I don’t have the proper papers to search through. I don’t have a good book to read that I trust about the topic… But last night my ex-husband reassured me as we talked that I’m not conjuring up ghosts. And if God is allowing it in my life…I’d bet that this ghost is a soulmate.

“I want that!” said a friend/acquaintance I once confided in back in 2015. I had told her about my dream from my teen years. I had told her how at peace I was because I felt grace to live life with the looming possibility of never finding a true mutual romantic love based on my recent reflections on that dream… But in kindness she recommended I look for something more Earth bound… Unfortunately, it didn’t prove to be necessarily all that helpful…

Every time I’ve tried to start something or pursue something since 2015 it’s been a disaster.
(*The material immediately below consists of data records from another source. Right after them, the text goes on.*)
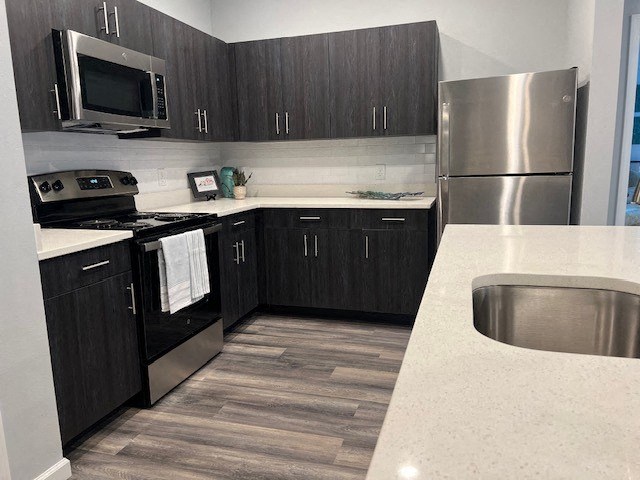a kitchen with stainless steel appliances and black cabinets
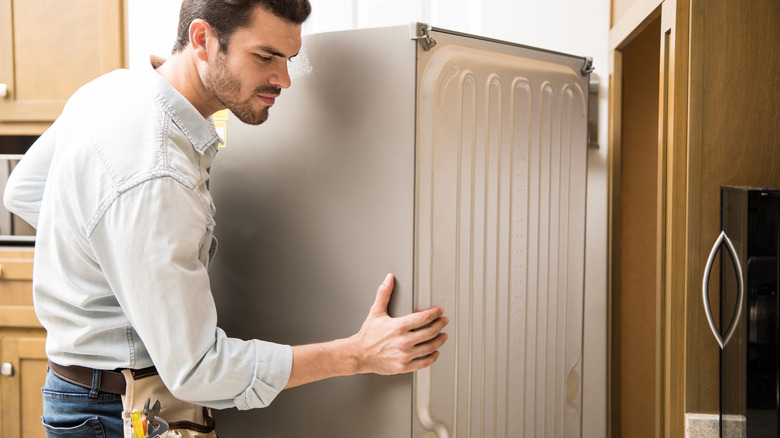 technician inspecting home fridge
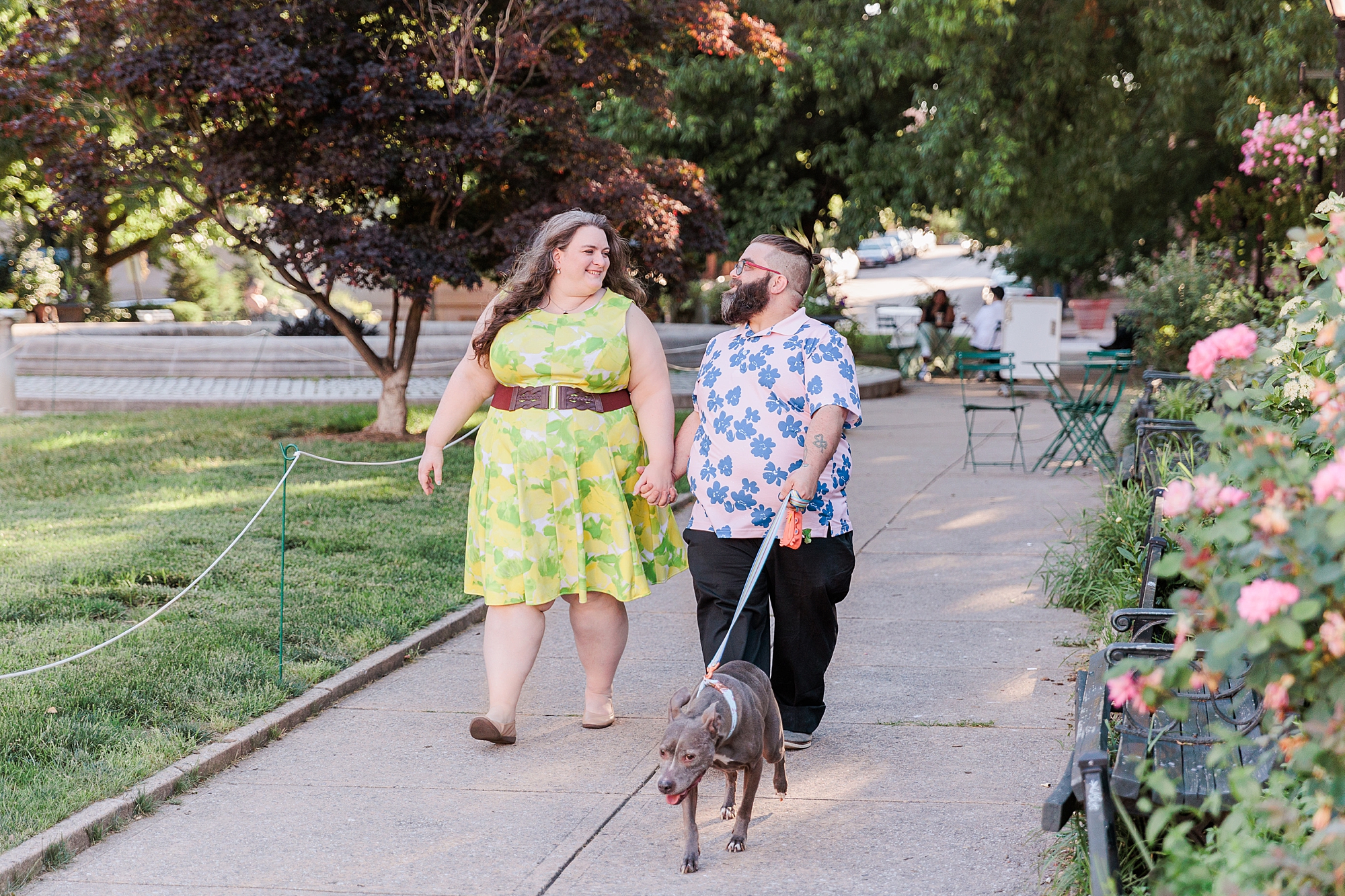 couple walks with dog during Baltimore family portraits at in Mt Vernon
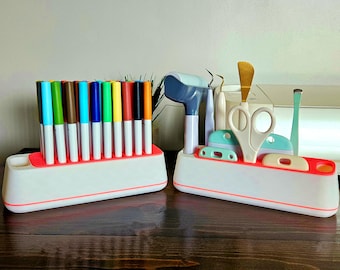 Puede incluir: Dos organizadores blancos con acentos rojos. Un organizador contiene una variedad de marcadores de colores, el otro contiene artículos de artesanía, incluyendo tijeras, un rodillo de pintura y una pequeña herramienta.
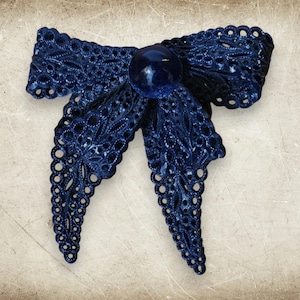 May include: A dark navy blue bow-shaped brooch featuring an intricate, openwork lace-like pattern throughout its structure. A smooth, round, dark navy blue bead is centered at the knot of the bow, providing a solid contrast to the detailed texture.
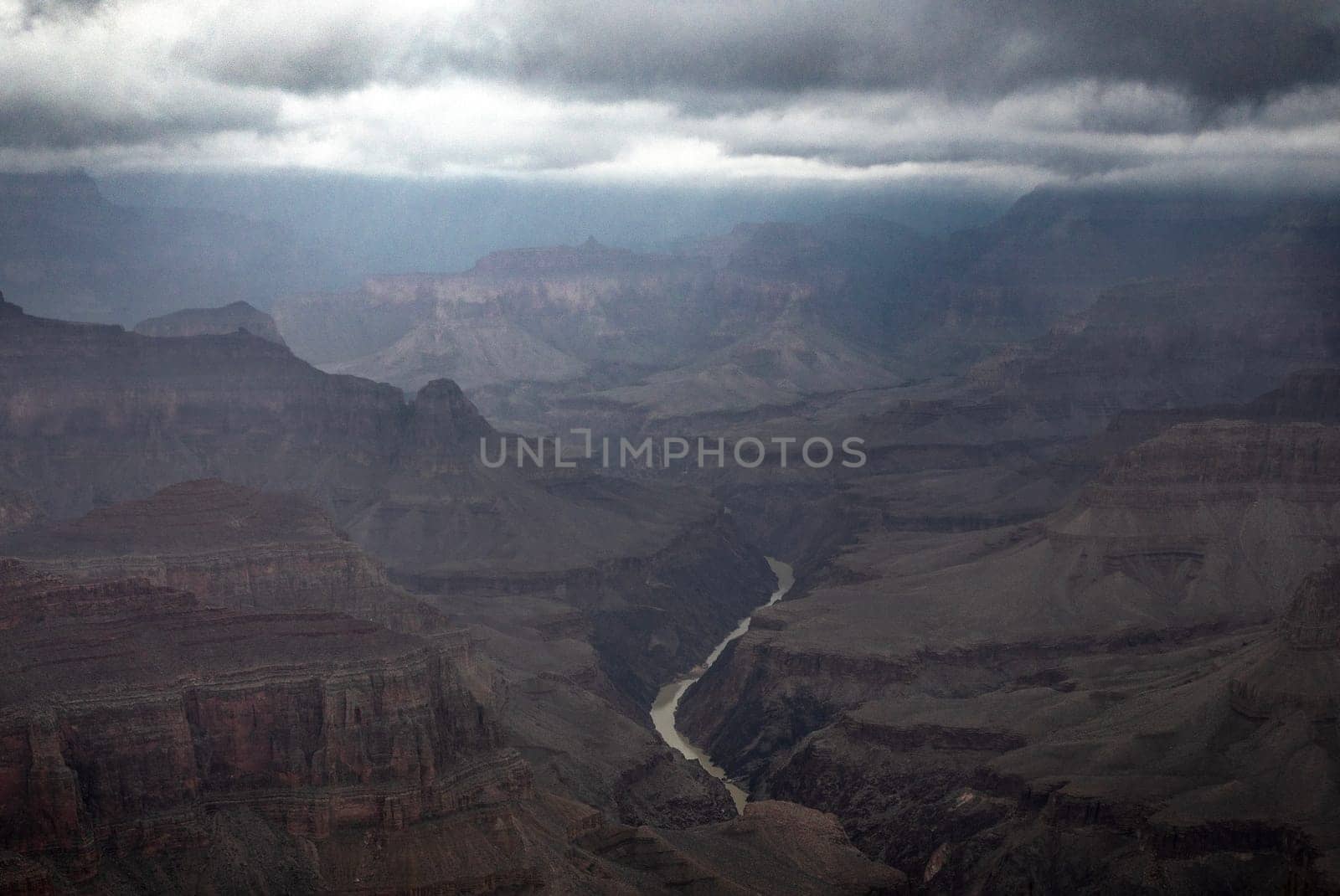 Passing rain storm produces clouds that filter the sunlight at Grand Canyon National Park, Arizona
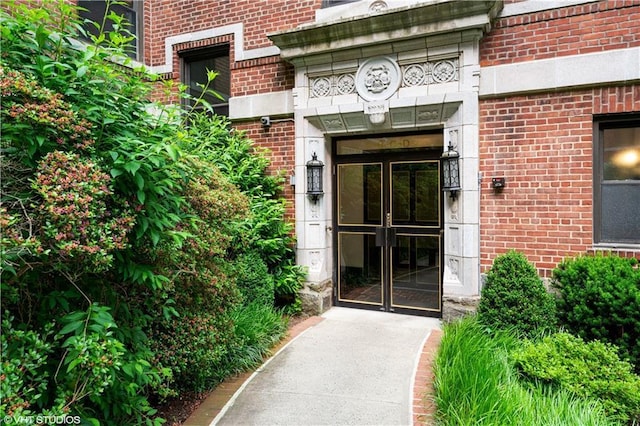view of exterior entry featuring brick siding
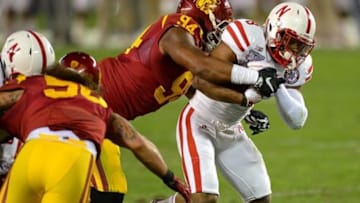 Dec 27, 2014; San Diego, CA, USA; Nebraska Cornhuskers running back Ameer Abdullah (8) carries the ball as USC Trojans defensive end Leonard Williams (94) defends during the first quarter in the 2014 Holiday Bowl at Qualcomm Stadium. Mandatory Credit: Jake Roth-USA TODAY Sports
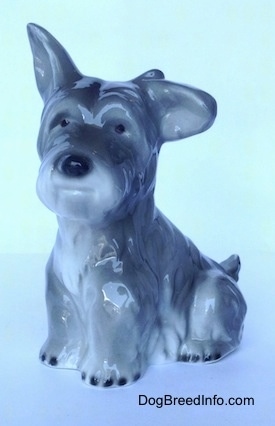 The front left side of a grey and white figurine of a miniature Schnauzer sitting. The figurines left ear is hanging to the side and its right ear is in the air.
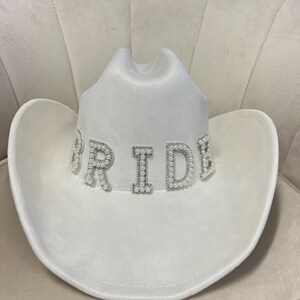 May include: White cowboy hat with the word "BRIDE" spelled out in pearl-embellished letters.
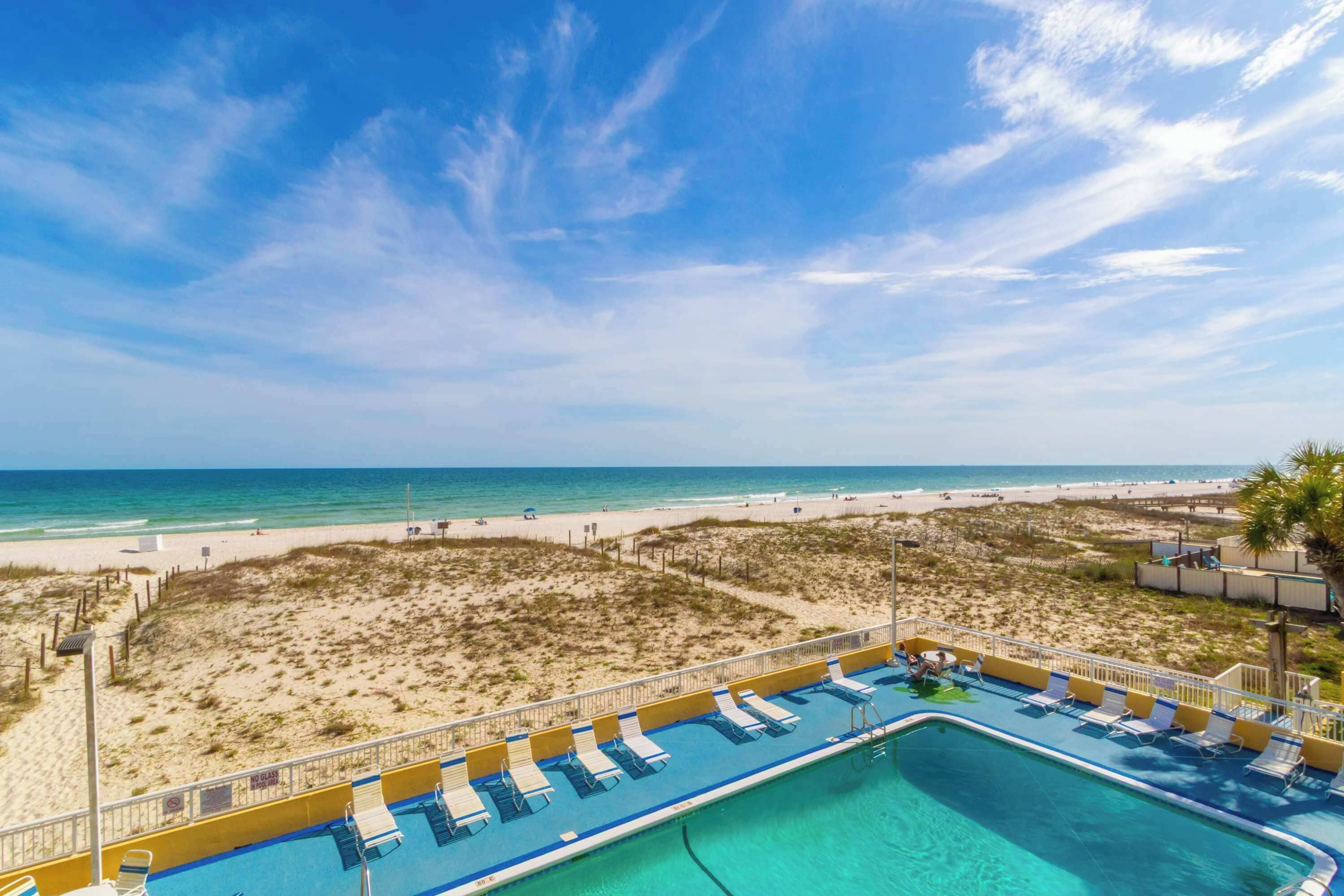 A pool area with lounge chairs, a clear view of the beach, and a sandy landscape.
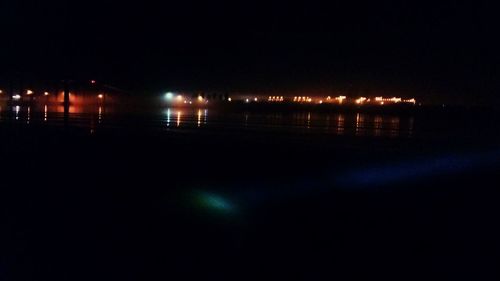 Reflection of illuminated sky on water at night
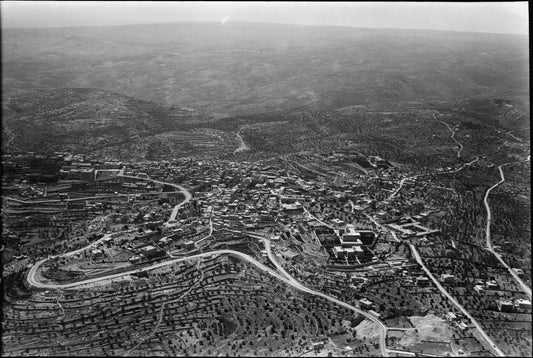 A mid-20th-century aerial photograph of Bethlehem and its surrounding hillsides, terraced fields and olive groves spreading across the slopes below the town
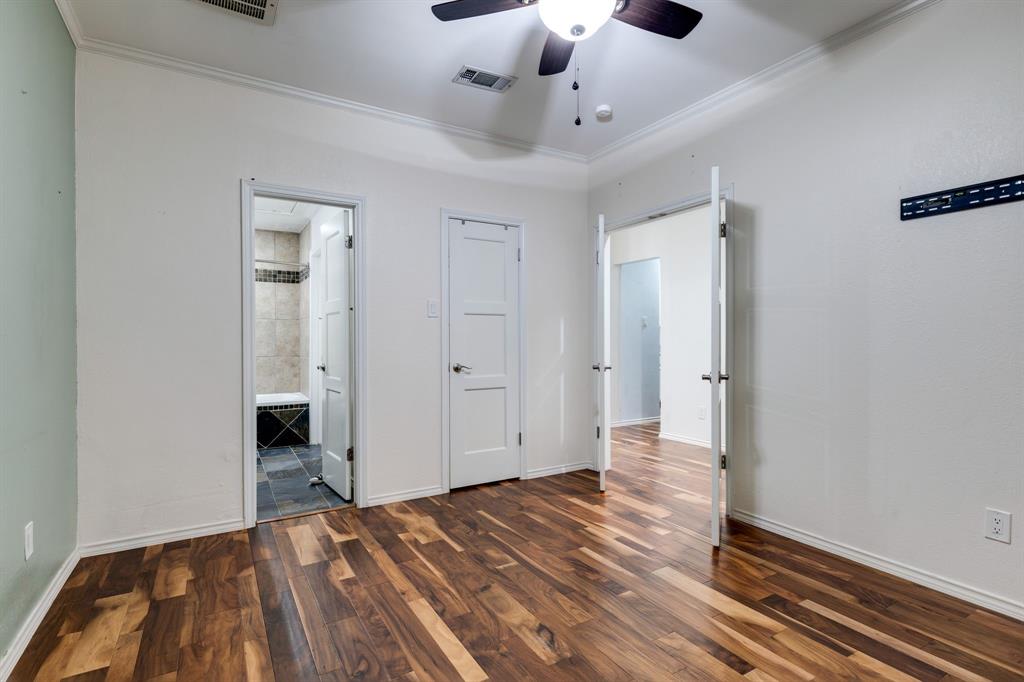 5310 Keller Springs Road, Unit 413 Dallas, TX 75248 - Photo 16 of 20 a view of empty room with wooden floor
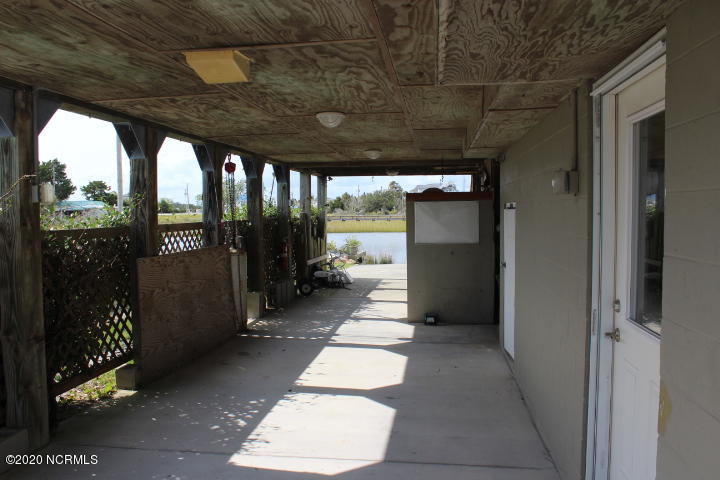 113 Cedar Lane Cedar Point, NC 28584 - Photo 44 of 52 Car Port/door open to rec room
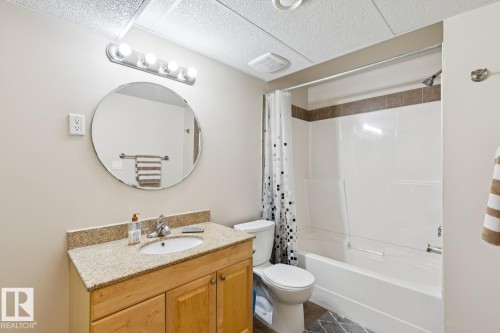 Bathroom featuring a wood-finish vanity with a granite-style countertop, a circular wall mirror with a four-bulb vanity light, and a white bathtub with a tiled surround - 16765 119 Street Nw, Edmonton, AB - Indoor Photo Showing Bathroom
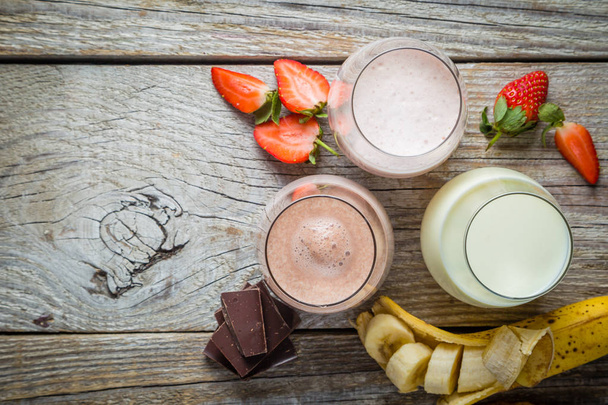 Selection of flavoured milk - strawberry, chocolate, banana - Фото, изображение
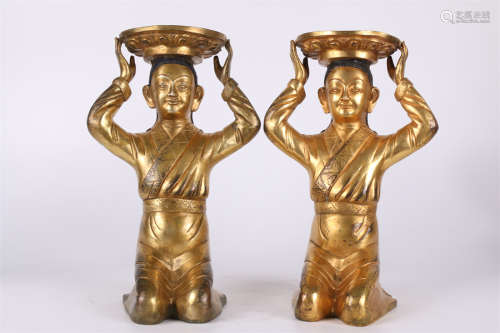 A Gilt Copper Kneeing Man Candle Stick.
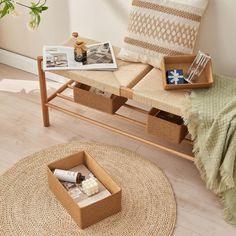 a wooden bench sitting on top of a hard wood floor next to a basket filled with items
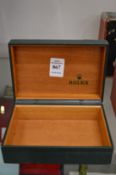 A Rolex wristwatch box.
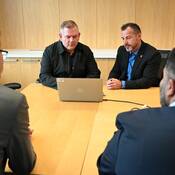 Investigators with the BC Hate Crimes Unit review a public presentation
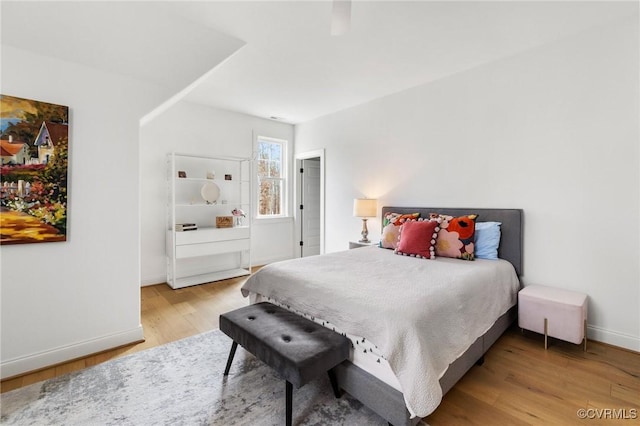 bedroom with light wood-type flooring and baseboards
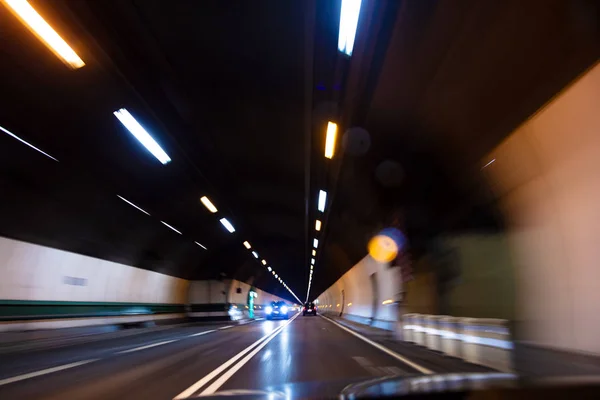 运动模糊驾驶汽车的速度通过公路隧道在夜间 — 图库照片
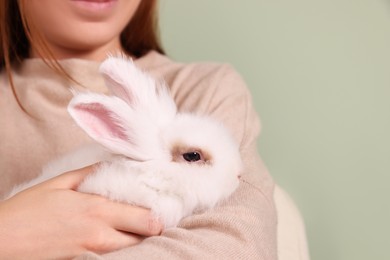 Woman with fluffy white rabbit, closeup and space for text. Cute pet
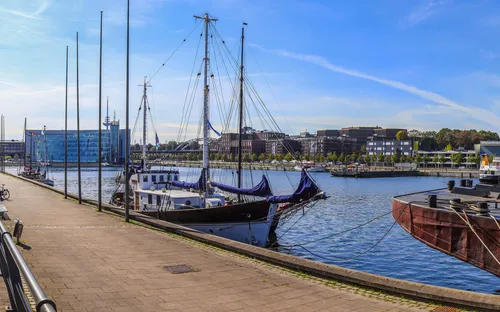 Hafenpromenade mit Segelbooten, blauem Himmel und Gebäuden im Hintergrund.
And it’s not that I wouldn’t like a living, normal boyfriend or even husband. I had preferred that. But I think my soulmate might be dead… Ha! If he was living I can’t imagine I’d want to be with anyone else at this point. Could there be someone living I’ll run into somehow someday? Maybe… But I have a feeling he’d have to be approved by my soulmate. Yes. I know that sounds crazy… But truly. It feels like I have a dead “husband” or two… Maybe an ex and a current. And one living I have two kids with… And they all are protective.

The thing is, I don’t know which “desk to look through.” And I have to trust that with God I’ll figure it out, I suppose. God isn’t a God of nonsense and lies…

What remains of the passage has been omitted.